Problem statement: Return the full listing unchanged, excluding any images it contains.

Supplied information:
○ ○ ○ ○ ○ ○ ○
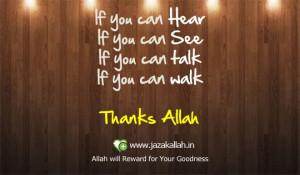 Islamic quotes thanks to Allah SWT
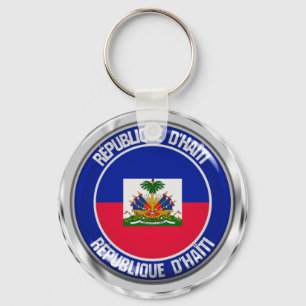 Haïti Round Emblem Sleutelhanger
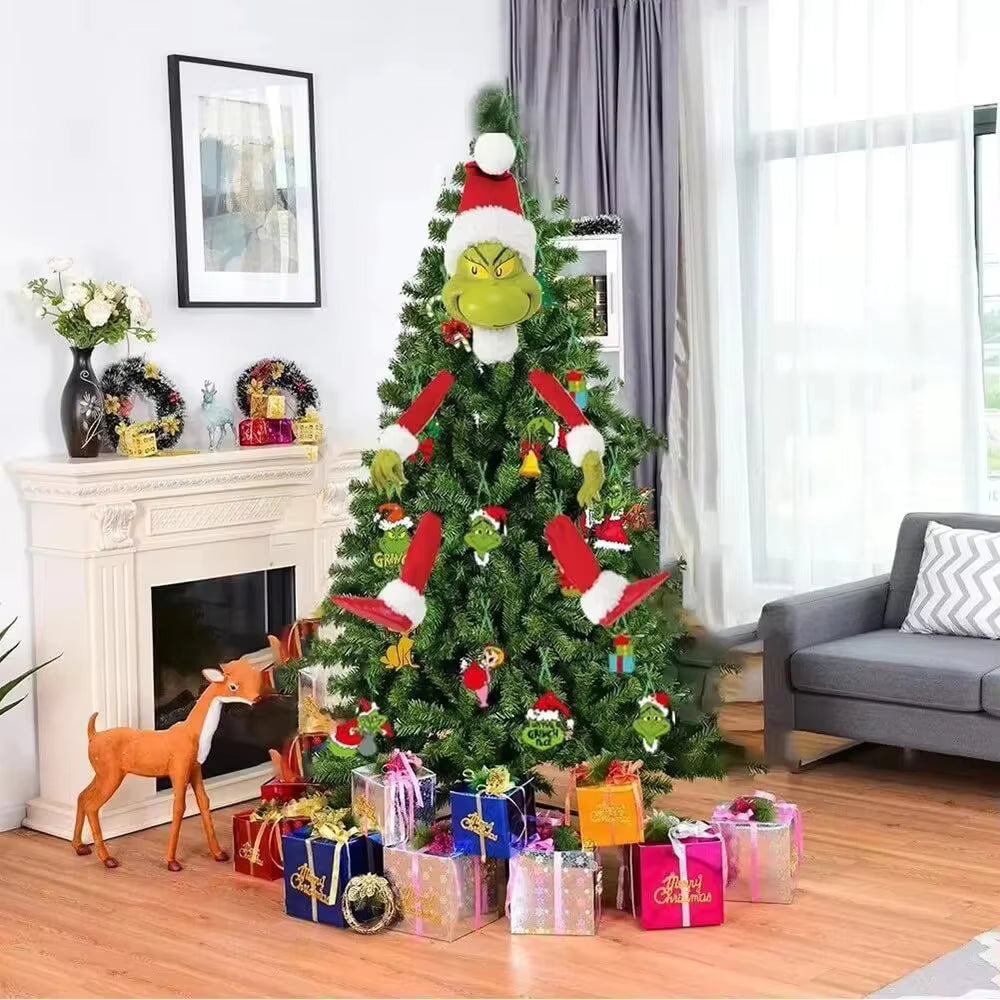 Christmas Elf Plush Ornament – Cute Hanging Tree Decoration & Holiday Gif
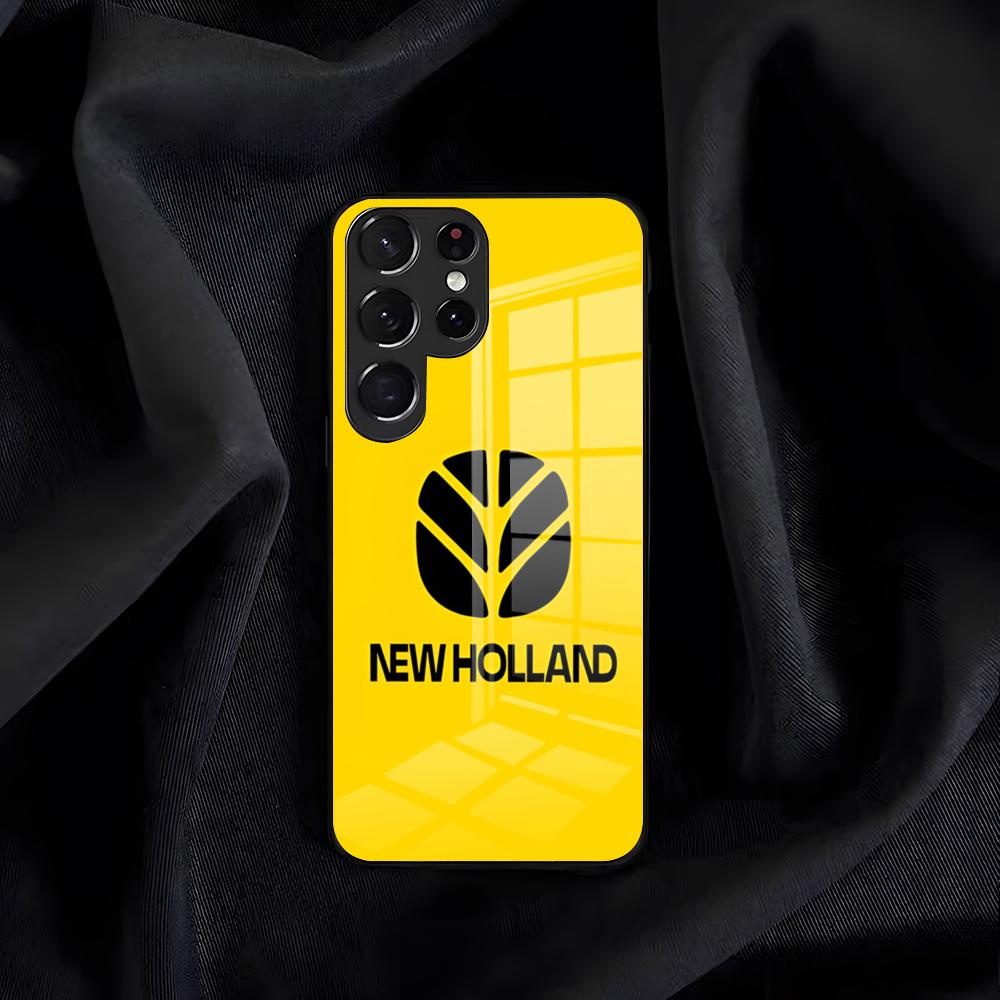 Tractor N-New H-Holland Phone Case For Samsung S26 S25 Edge S24 S23 S22 S21 S20 Ultra Plus FE Glass Cover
○ ○ ○ ○ ○ ○ ○
Response:
 Islamic quotes thanks to Allah SWT
 Haïti Round Emblem Sleutelhanger
 Christmas Elf Plush Ornament – Cute Hanging Tree Decoration & Holiday Gif
 Tractor N-New H-Holland Phone Case For Samsung S26 S25 Edge S24 S23 S22 S21 S20 Ultra Plus FE Glass Cover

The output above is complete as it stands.